= What to do =
Exclude the images, then return every line below exactly as written.

= Supplied data =
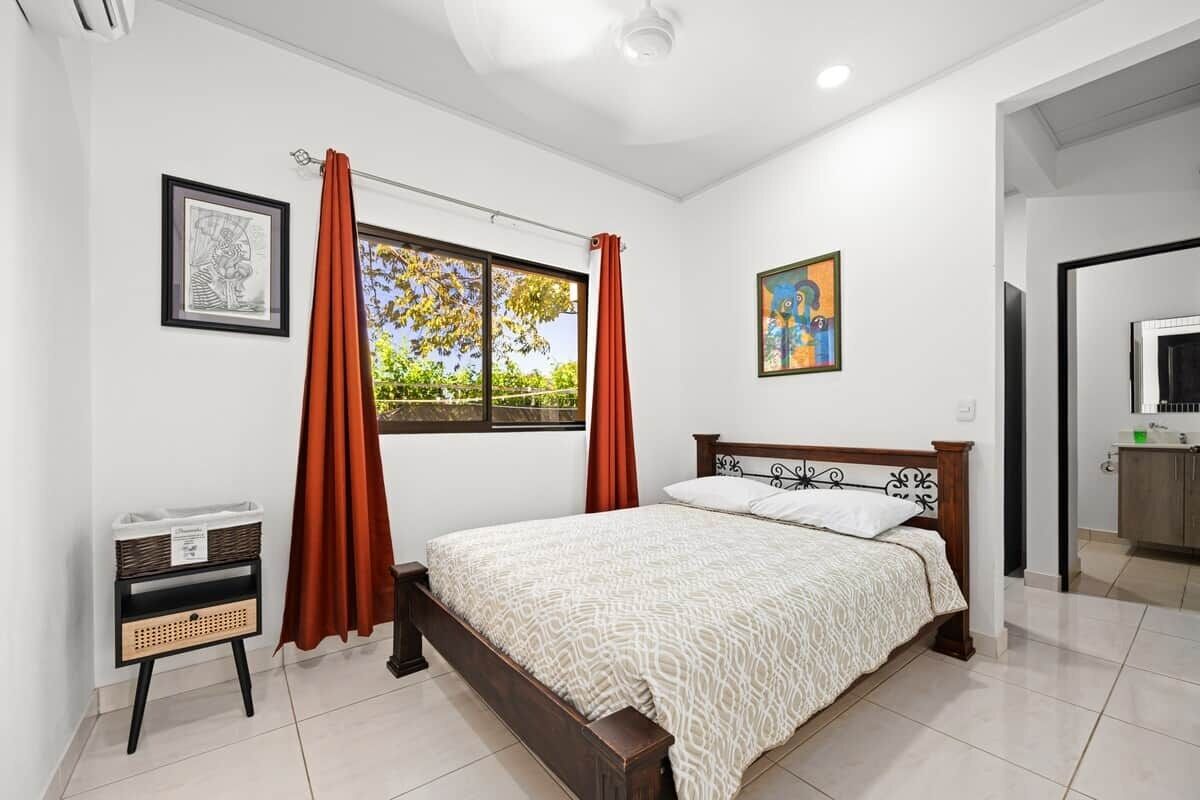 3 chambres, fer et planche à repasser, Wi-Fi gratuit, draps fournis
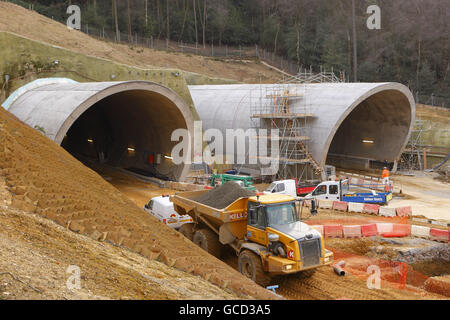 Eine allgemeine Ansicht des nördlichen Endes der Straßentunnel, die in Hindhead in Surrey im Bau sind. Das A3-Tunnelprojekt wird die zweispurige Verbindung zwischen London und Portsmouth vervollständigen und eine wichtige Stauquelle um die Kreuzung A3/A287 in Hindhead beseitigen. Die neue Straße wird 6 km lang sein und zwei gebohrte Tunnel unter dem Devil's Punch Bowl, einem Ort von besonderem wissenschaftlichem Interesse, umfassen. Stockfoto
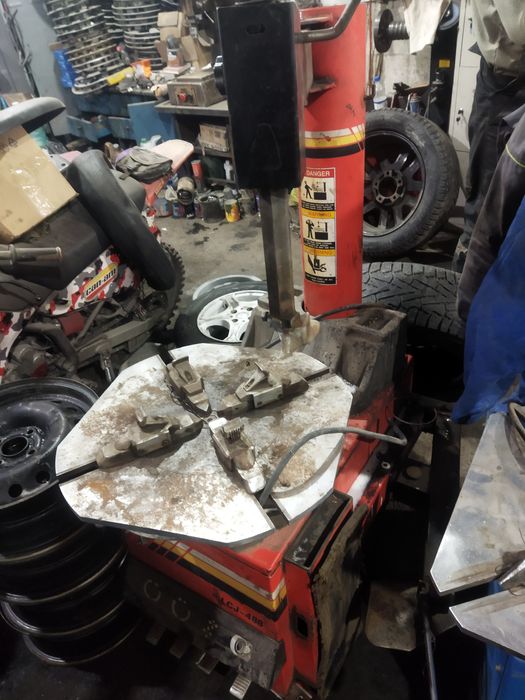 Шиномонтажный станок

= Solution to this task =
 3 chambres, fer et planche à repasser, Wi-Fi gratuit, draps fournis
 Eine allgemeine Ansicht des nördlichen Endes der Straßentunnel, die in Hindhead in Surrey im Bau sind. Das A3-Tunnelprojekt wird die zweispurige Verbindung zwischen London und Portsmouth vervollständigen und eine wichtige Stauquelle um die Kreuzung A3/A287 in Hindhead beseitigen. Die neue Straße wird 6 km lang sein und zwei gebohrte Tunnel unter dem Devil's Punch Bowl, einem Ort von besonderem wissenschaftlichem Interesse, umfassen. Stockfoto
 Шиномонтажный станок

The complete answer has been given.